AVAILABLE RECORDS:

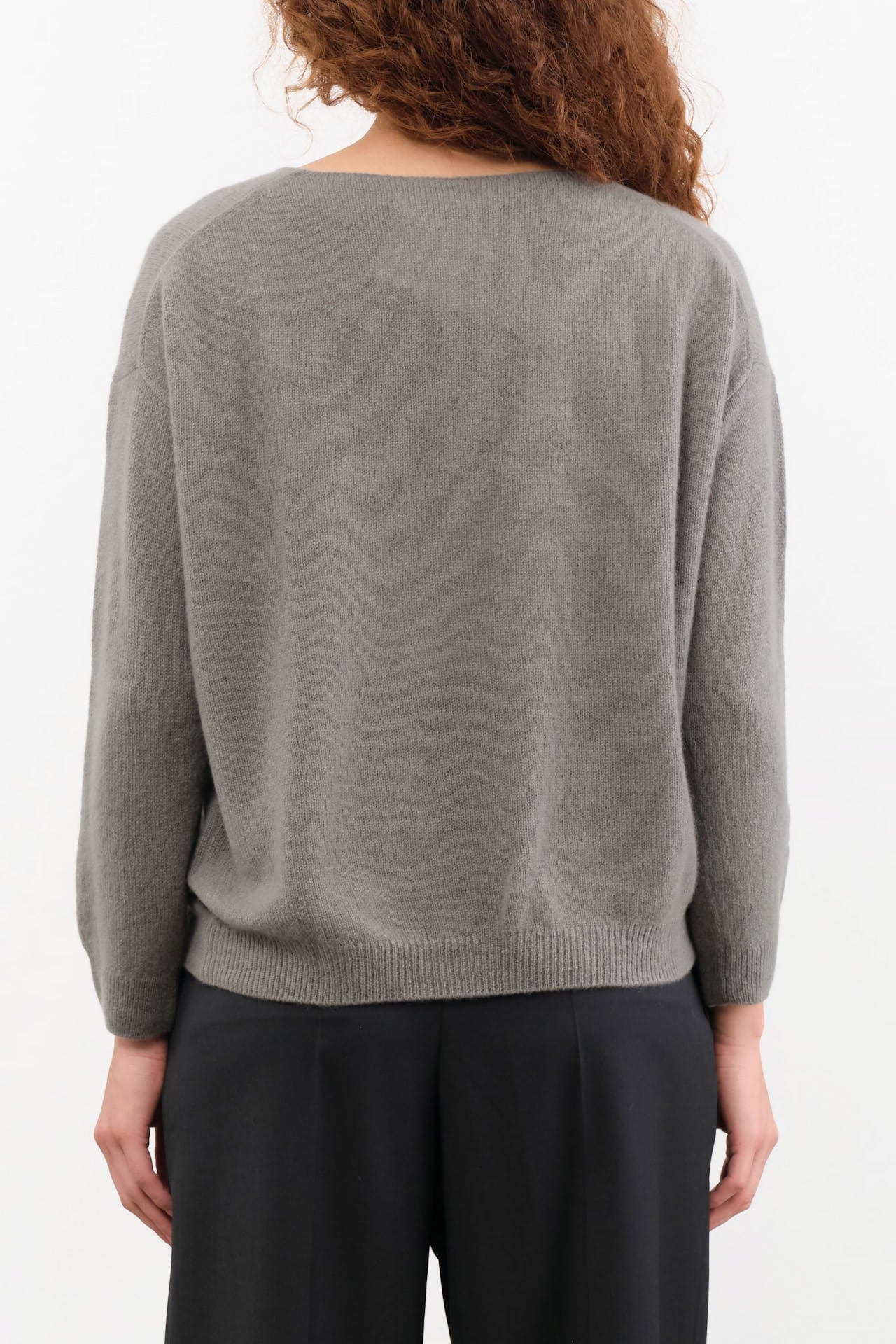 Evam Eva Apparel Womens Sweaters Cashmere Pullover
...
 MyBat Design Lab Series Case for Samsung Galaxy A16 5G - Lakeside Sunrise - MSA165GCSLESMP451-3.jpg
==
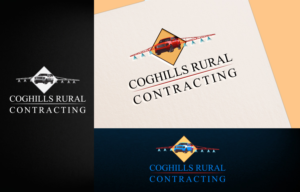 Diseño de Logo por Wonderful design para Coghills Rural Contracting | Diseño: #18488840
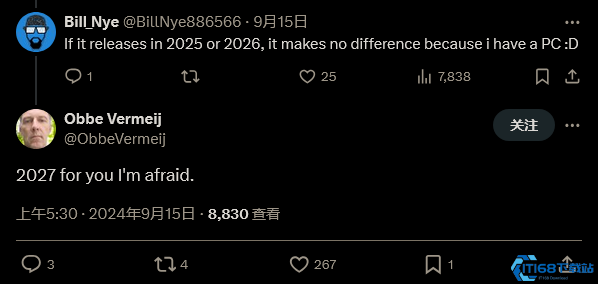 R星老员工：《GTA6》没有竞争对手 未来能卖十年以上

INSTRUCTIONS TO FOLLOW: Using the listing above, repeat word for word each line from the one with "Diseño de Logo" down to the one with "R星老员工：《GTA6》没有竞争对手 未来能卖十年以上", both included. Omit all pictures.

ANSWER BELOW:
 Diseño de Logo por Wonderful design para Coghills Rural Contracting | Diseño: #18488840
 R星老员工：《GTA6》没有竞争对手 未来能卖十年以上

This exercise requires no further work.